No Assam Rifles official was available for comment. But sources said the security force had placed the demand following allegations by the Siroy Non-violence Committee that the troops had cut down trees from adjoining forests during the standoff and used these as firewood to keep themselves warm during the chilly nights.
The certificate would help the central paramilitary force to avoid any kind of hassles — legal or financial — in the future, they added.
The sources said the alleged demand had added to the woes of the villagers who were living in a state of “perpetual” misery. “First it was the standoff, then the fear of landmines, then fear of poor harvest and now this alleged demand,” one of them said.
The Assam Rifles had cordoned off the NSCN (I-M) camp on January 19, asking the 25-odd cadres to either surrender their weapons or return to one of the designated camps. The troops maintained that opening up of the camp at Siroy in Ukhrul district of Manipur violated ground rules. They finally escorted the cadres out of Siroy on February 2 morning.
“Though both the troops and the cadres withdrew, the villagers could not resume normal life as they feared that landmines could have been planted in and around the village during the stand-off. They started moving freely only a few days ago after the district administration declared that the area had been completely sanitised,” Artex Shimray, the spokesperson for Tangkhul Coordination Committee on Siroy Siege, said over phone from Ukhrul.

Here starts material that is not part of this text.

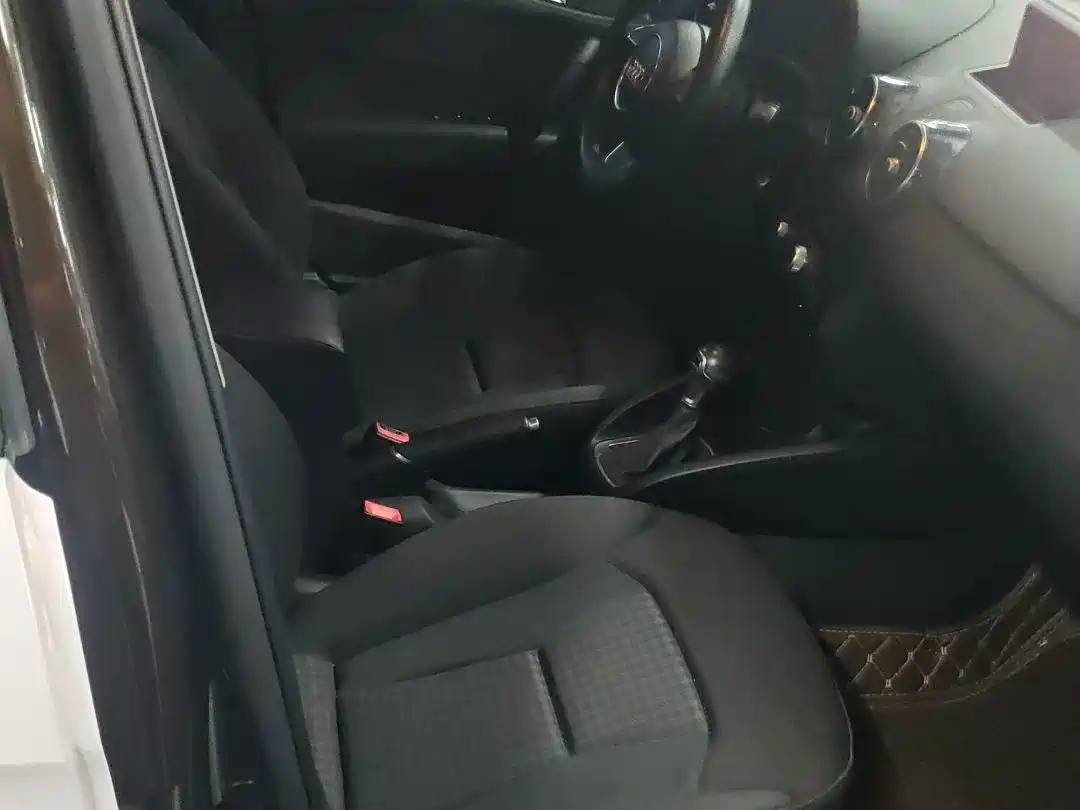 Audi A1 2014 2014 30 TFSI Sportback Fashion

He said the villagers had started sowing seeds this year without the annual ritual and celebrations, which are held from January 27 to 31 every year.
The villagers are “worried” that they will not have a bumper harvest this year because they have missed the seed sowing festival.
Shimray said the village was limping back to normality, but an uneasiness prevailed among the 1,500 villagers as troops continued to put pressure on them to sign the certificate. The village authority has been maintaining that it cannot sign the document without holding a meeting of the villagers. No date has been fixed for the meeting yet.